You may set the following parameters :

  • Pre-processing:

    • realign : Whether to realign spikes based on amplitude. Default is True. This is meant to help align spikes that are not perfectly aligned, and have all peaks centered on time 0.

    • time_before : Time before the event to include in the window (in ms). Default is 0.5. Maximum is 1.

    • time_after : Time after the event to include in the window (in ms). Default is 1. Maximum is 2.

      • We recommend keeping the default, as the post-spike noise will cause spurious clustering if the window is too large.

    • artifact_threshold : Threshold to detect artifacts (in uV). Default is 1000. This is meant to detect spikes that are too large to be actual spikes.

    • filter_artifacts : Whether to filter out artifacts. Default is True. If set to False, artifacts will be treated as regular spikes.

  • Hyperparameters:

    • dimred_method : Dimensionality reduction method to use. Must be either “PCA” or “ICA”. Default is “PCA”. Recommended to try both.

    • n_components : Number of components to keep after dimensionality reduction. Default is 3. Recommended to try different values.

    • cluster_method : Clustering method to use. Must be either “HDBSCAN” or “OPTICS”. Default is “HDBSCAN”. HDBSCAN is recommended.

    • clustering_kwargs : Additional keyword arguments to pass to the clustering method. Default is None. See the HDBSCAN documentation for more information.

  • Miscellaneous:

    • n_jobs : Number of jobs to run in parallel. Default is 8.

      • Avoid setting this too high, as the database will reject too many requests at once.

from dateutil import parser
from datetime import timedelta

from neuroplatform_utils import SpikeSorting

start = parser.parse(
    "2024-10-29 13:00:00"
)  # Change this to the start time of the recording
EXP_NAME = "fs300"
N_COMP = 3
ELECTRODE = 9
sorter = SpikeSorting(dimred_method="ICA", n_components=N_COMP)

Running the SpikeSorting#

To run the spike sorting, you will need to specify a start and stop time, as well as the experiment ID (fs#ID).

events_df = sorter.run_spike_sorting(
    start, start + timedelta(minutes=20), fs_id=EXP_NAME, electrode_nb=ELECTRODE
)

Plotting the results#

Plots reference#

The SpikeSorting provides several plots :

  • plot_clustered_spikes : Plot the average waveform of each cluster, with confidence intervals.

    • You may choose to show outliers or not using the show_outliers parameter.

  • plot_clustered_artifacts : Plot the average waveform of each artifact cluster, with confidence intervals.

  • plot_raw_spikes_for_cluster : Plot all the raw trace of a given cluster.

    • Provide a list of which clusters you wish to see plotted.

  • plot_raw_outlier_spikes : Plot all the raw trace of ALL the outliers or artifacts.

    • Provide a list of which clusters you wish to see plotted.

  • plot_spike_clustering_in_latent_space : Plot the clustering results in the latent space.

    • This will plot the first 3 components of the dimensionality reduction. If you have more components, the plot may be hard to interpret.

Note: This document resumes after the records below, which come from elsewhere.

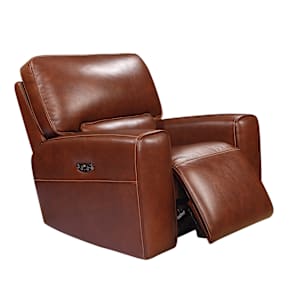 Bennett 2-Power Glider Recliner
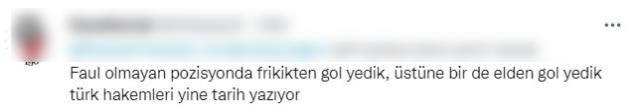 Türkiye Kupası'nda skandal gol! Kimse gözlerine inanamadı, hakem santra noktasını gösterdi Türkiye Kupası'nda skandal gol! Kimse gözlerine inanamadı, hakem santra noktasını gösterdi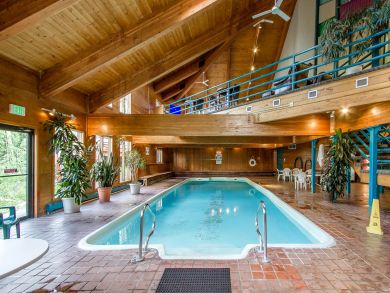 Breckenridge Condo 938033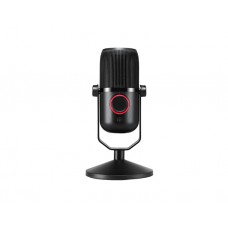 მიკროფონი: Thronmax M4PLUS Mdrill ZeroPlus Jet Black 96Khz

  • plot_explained_variance : Plot the explained variance of the PCA. Only available if PCA was used.

Example plots#

sorter.plot_clustered_spikes(show_outliers=False)
../_images/spike_sorting_clusters_lineplot.png

Fig. 6 Plot of the average waveform of each cluster, with confidence intervals.#

sorter.plot_spike_clustering_in_latent_space()
../_images/spike_sorting_latent_space_plot.png

Fig. 7 Plot of the clustering results in the latent space.#

sorter.plot_raw_spikes_for_cluster(0)
../_images/spike_sorting_raw_lineplot.png

Fig. 8 Plot of all the raw traces of a given cluster.#

Making your own plots#

You may also use some of the attributes of the SpikeSorting object to make your own plots :

  • raw_spikes_df : DataFrame containing the raw spikes, with clustering results.

  • processed_spike_events_df : DataFrame containing the spike events with clustering results.

  • dimred_method_spikes.fit_data_df : DataFrame containing the dimensionality reduction, with clustering results.

Hint

Make sure to copy those DataFrames before modifying them, as they are directly linked to the SpikeSorting object.